Optimal location of reinforced inertia to stabilize power grids

TL;DR

This paper proposes a method to optimally position fast frequency response (FFR) inertia in power grids to mitigate cascading failures, highlighting the peripheral areas as effective reinforcement locations.

Contribution

It introduces a novel approach to determine the best placement of inertia reinforcement in power grids using the Kuramoto model, considering both positive and negative effects.

Findings

Peripheral areas are optimal for inertia reinforcement.

Reinforcement reduces cascade failures effectively.

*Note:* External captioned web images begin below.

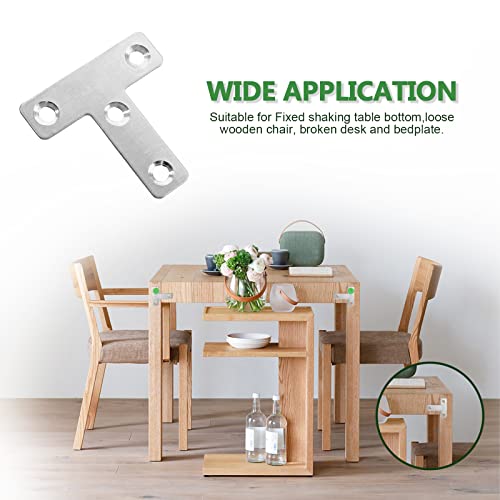 Uenhoy 20 Pcs T Shape Flat Mending Plates 50mm x 50mm (2" x 2") T Corner Braces T Bracket Connector Fixing Repair Plates for Furniture, Silver - size: 50x50mm/2"x2", style: T Shape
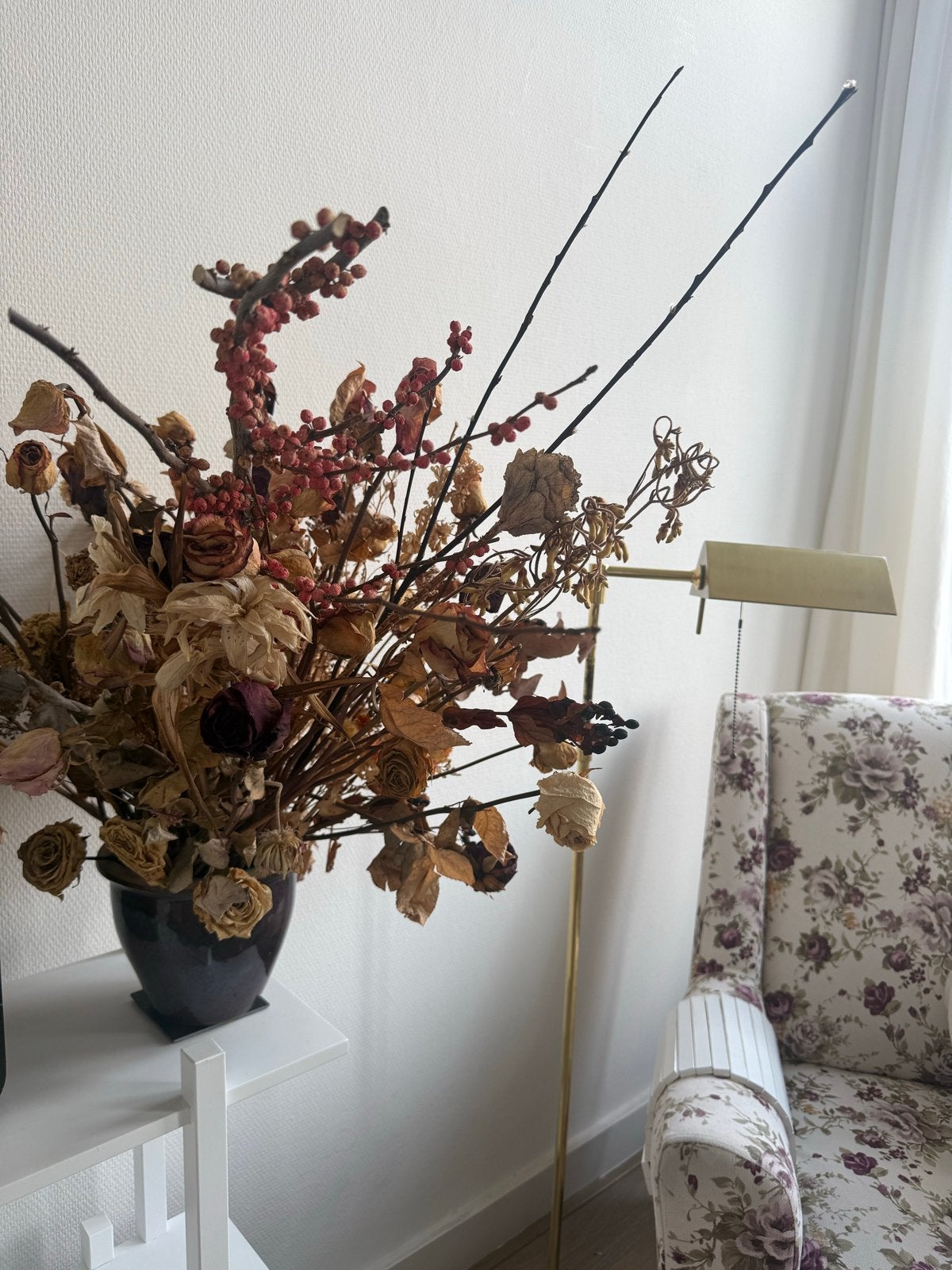 Compositie droogbloemen pot/Dry flowers composition in vase, Ophalen, Gebruikt, Meerkleurig, Landelijk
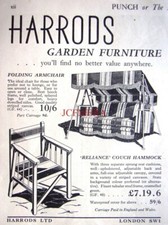 Vintage HARRODS Garden Furniture Advert : Small 1940 WW2 Print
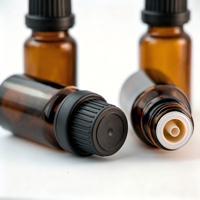 Flacon compte-gouttes en verre ambré de 10 ml pour huiles essentielles avec bouchon inviolable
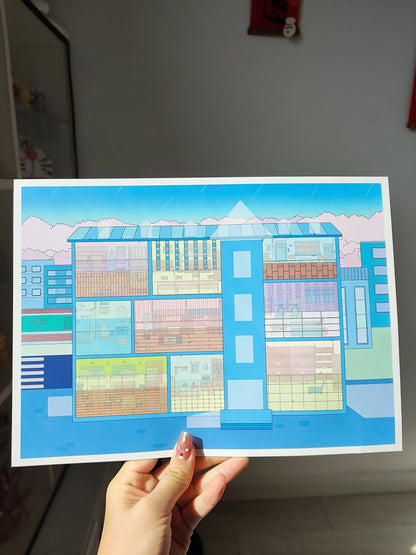 【Hard & easy】3D DIY Miniature Sticker - 3 Scene Stickers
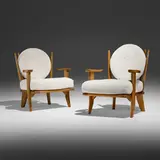 Robert Guillerme & Jacques Chambron, Catherine lounge chairs, pair, c. 1955, oak, upholstery, canvas webbing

The method balances mitigation benefits against negative consequences.

Abstract

The increasing adoption of renewable energy sources has significantly reduced the inertia in the modernized power grid, making the system more vulnerable. One way to stabilize the grid is to add extra inertia from unused turbines, called the fast frequency response (FFR), to the existing grid. However, reinforcing inertia can cause unintended consequences, such as more significant avalanche failures. This phenomenon is known as the Braess paradox. Here, we propose a method to find the optimal position of FFR. This method is applied to the second-order Kuramoto model to find an effective position to mitigate cascading failures. To address this, we propose a method to evaluate a ratio between the positive effects of mitigation and the negative consequences. Through this analysis, we find that the peripheral area of the network is a seemingly effective location for inertia reinforcement across various reinforcement scales. This strategy provides essential insights for enhancing the stability of power grids in a time of widespread renewable energy usage.